Je suis assez nostalgique des parodies façon Les Inconnus et tout ceux qui essayent d’aller dans ce sens méritent notre soutien. Oui, Fatal inclus.

 

20. L’un dans l’autre

Le bodyswap qui fonctionne

En 2017, il est possible de faire du body swap rigolo. Il faut deux acteurs en osmose et des situations enlevées. C’est compliqué: il ne faut pas que ça soit dégradant pour les femmes et généralement les bandes-annonces laissent présager du pire. Le sujet a été vu et revu, depuis Dans la peau d’une blonde jusqu’à l’habile Your Name sorti l’année dernière. Mais entre Louise Bourgoin et Stéphane De Groodt, il se passe un truc. Ils jouent tous les deux vraiment bien et les situations font qu’on ne tombe pas dans les clichés éculés tout en permettant quelques twists intéressants.
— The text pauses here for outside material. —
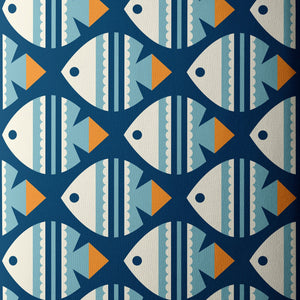 Fish - Ocean Motion - Blue Canvas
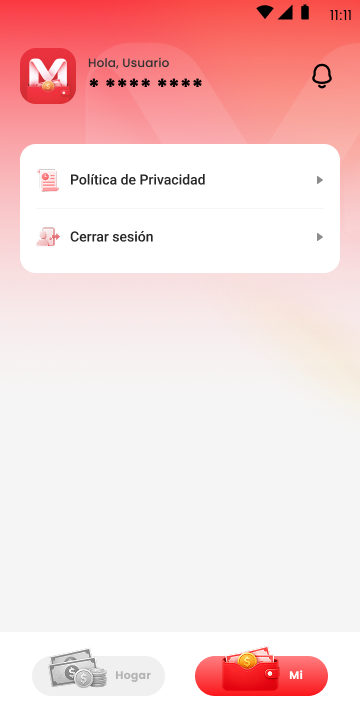 Pantalla de perfil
Une bonne surprise.

19. Ouvert la nuit

Egotrip nocturne réussi

Au lieu de réaliser un film irregardable et adulé par une poignée d’originaux, Edouard Baer s’est dit que, pour une fois, il allait faire quelque chose de normal, compréhensible et, osons le dire, plus mainstream. Cela ne l’empêche pas d’écrire une comédie où littéralement tout Paris tourne autour de lui et de son alter ego Luigi, le temps d’une nuit. À le voir s’épuiser à essayer de sauver sa pièce de théâtre, on ne peut qu’être impressionné par autant d'énergie et de talent, si souvent mal utilisés. L’egotrip, il y va au moins aussi fort qu’un rappeur. «Oh, il est complètement barré et insupportable mais tellement génial» semble dire avec beaucoup d’indulgence ce film de son auteur. Mais pour une fois qu’il va jusqu’au bout de son entreprise sans s'auto-saborder à mi-chemin, on ne peut qu’applaudir.

18. Le sens de la fête

Tour de force en pointillé

Qui aurait cru que Le Sens de la Fête serait, avec Au revoir là-haut, un des films français les mieux réalisés de 2017? Toledano et Nakache ont fait leur propre révolution et deviennent ici des scientifiques de la comédie, tout du moins de la manière de la filmer. Sans rire, à ce niveau, c’est même trop d’effort. Formellement, c’est assez dingue de faire tenir autant de personnages dans un huis-clos, un mariage dans un château, tout en restant fluide. Mais il s’agit également d’un film choral dont les personnages utilisent à peu près tous un registre différent de vannes qui s'entrechoquent.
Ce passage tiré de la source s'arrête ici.